PROBLEM DESCRIPTION
Please, in the data that follows, copy exactly the lines from the line with "Surname Caira in Italy Surname" through the last one, both included. Do not include pictures.

PROVIDED DATA

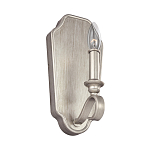 Бра серебрянного цвета с лампой в виде свечи на изогнутой ножке Feiss варинант исполнения - 1 | Loft Concept в Москве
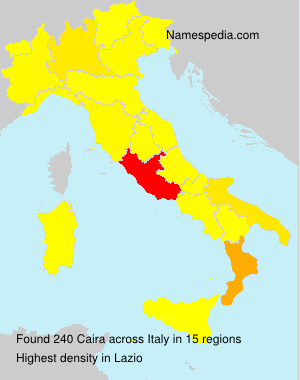 Surname Caira in Italy Surname Caira in Italy
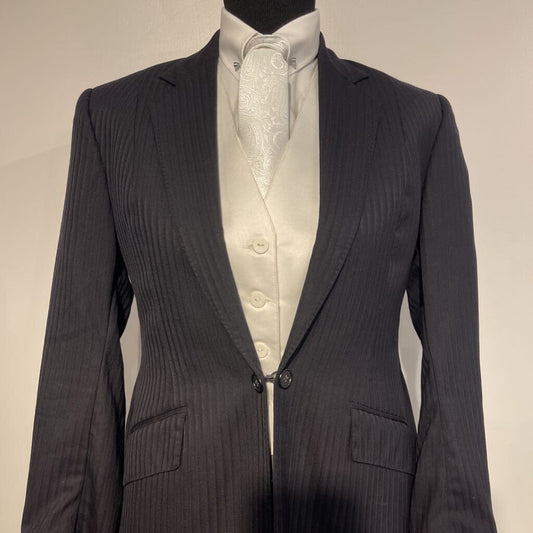 Custom Black Stripe Suit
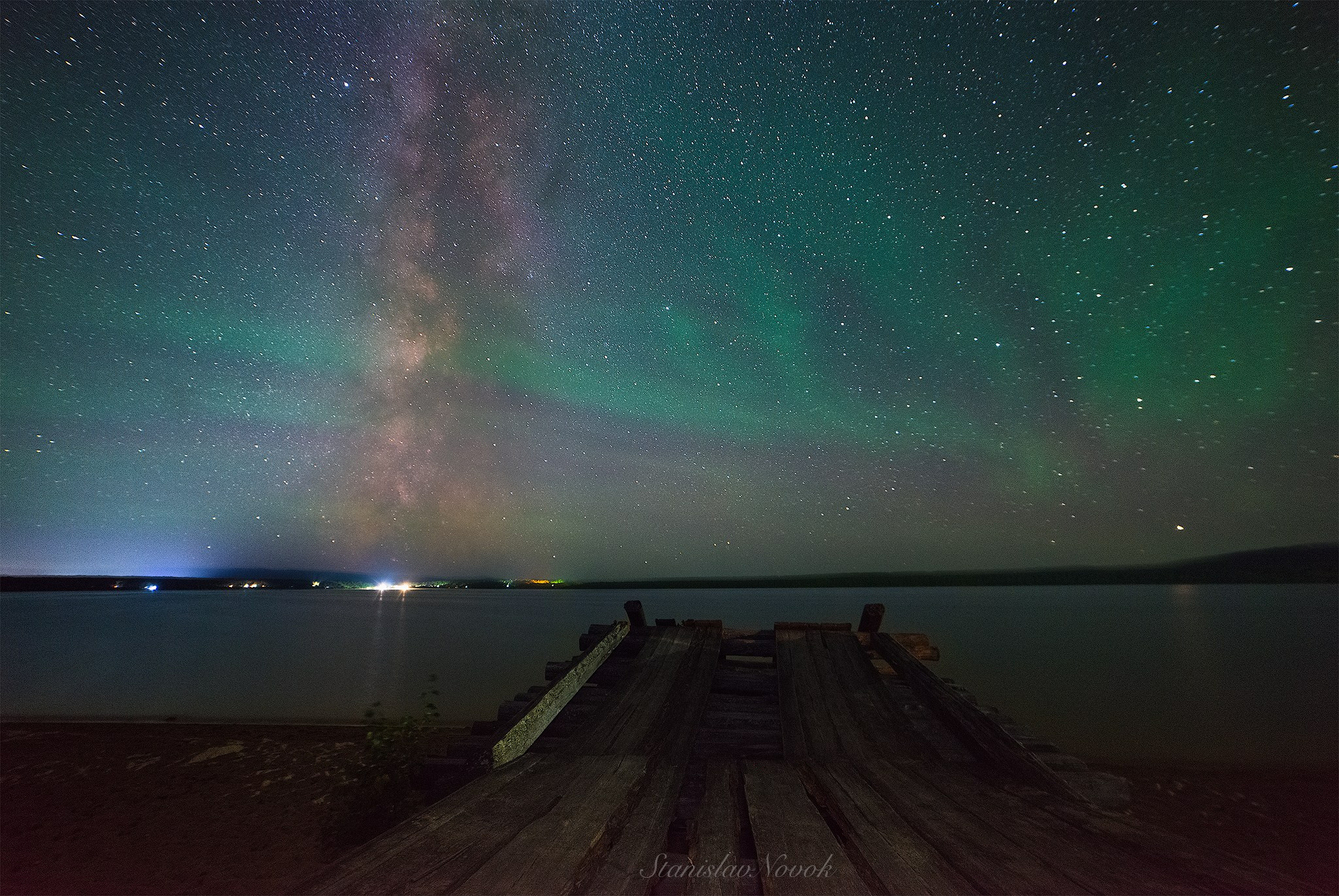 Ночная съемка (Астрофотография). Профессиональный пейзажный фотограф Новокрещенов Станислав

OUTPUT
 Surname Caira in Italy Surname Caira in Italy
 Custom Black Stripe Suit
 Ночная съемка (Астрофотография). Профессиональный пейзажный фотограф Новокрещенов Станислав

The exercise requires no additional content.